入口で展覧会を楽しむためのガイド冊子を頂き、映像作品は上映途中の入場はできませんとコールされたので、告知効果かこれは絶対見たいと思い、途中の作品はおあずけとし、まずは映像作品「聞こえない木下さんに聞いたいくつかのこと」を視聴しました。耳のきこえない木下さんに百瀬文さんがインタビューする内容でしたが、途中から何か変と思い、あっ、これは「タイポグリセミア」だと気づきました。しかし、それは、耳の聞こえる人側からの視点で、この作品の伝えたいことはそこじゃないなと、とても深く、考えさせられる作品でした。
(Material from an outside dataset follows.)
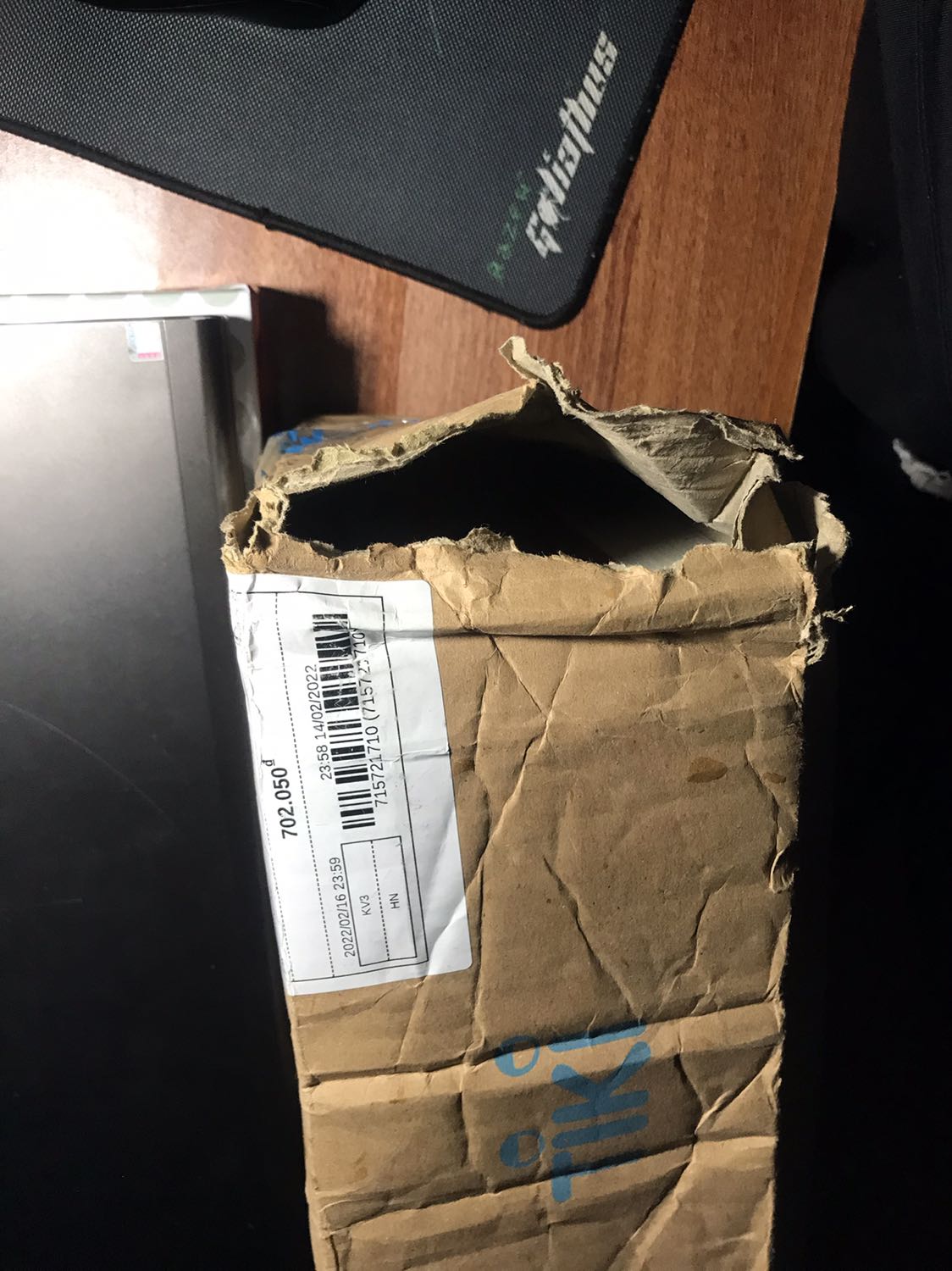 Đóng gói vận chuyển quá kém chất lượng. Bên ngoài thì bục hết các góc rách cả lỗ to, bên trong sách thì rách và móp góc.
また、常設展で「さわるSMoAコレクション」も刺激的でした。はじめて「触図」という存在を知り、目の見えない方がどうやって美術館を楽しむのか、考え抜いた中から生まれた方法に感動しました。しかも、絵と全く同じように作るわけではなく、よりわかりやすく工夫がされていて、一瞬、作品を変えていいの?と思いましたが、目の見えない方へ寄り添う工夫として理解したらいいのかと思うようになりました。逆に「触図」から絵を脳内で再構成できる能力は、点字を読む力よりさらに高い能力が必要と思われ、これはすごいな、私にはできないなと「へぇ~」の連続した。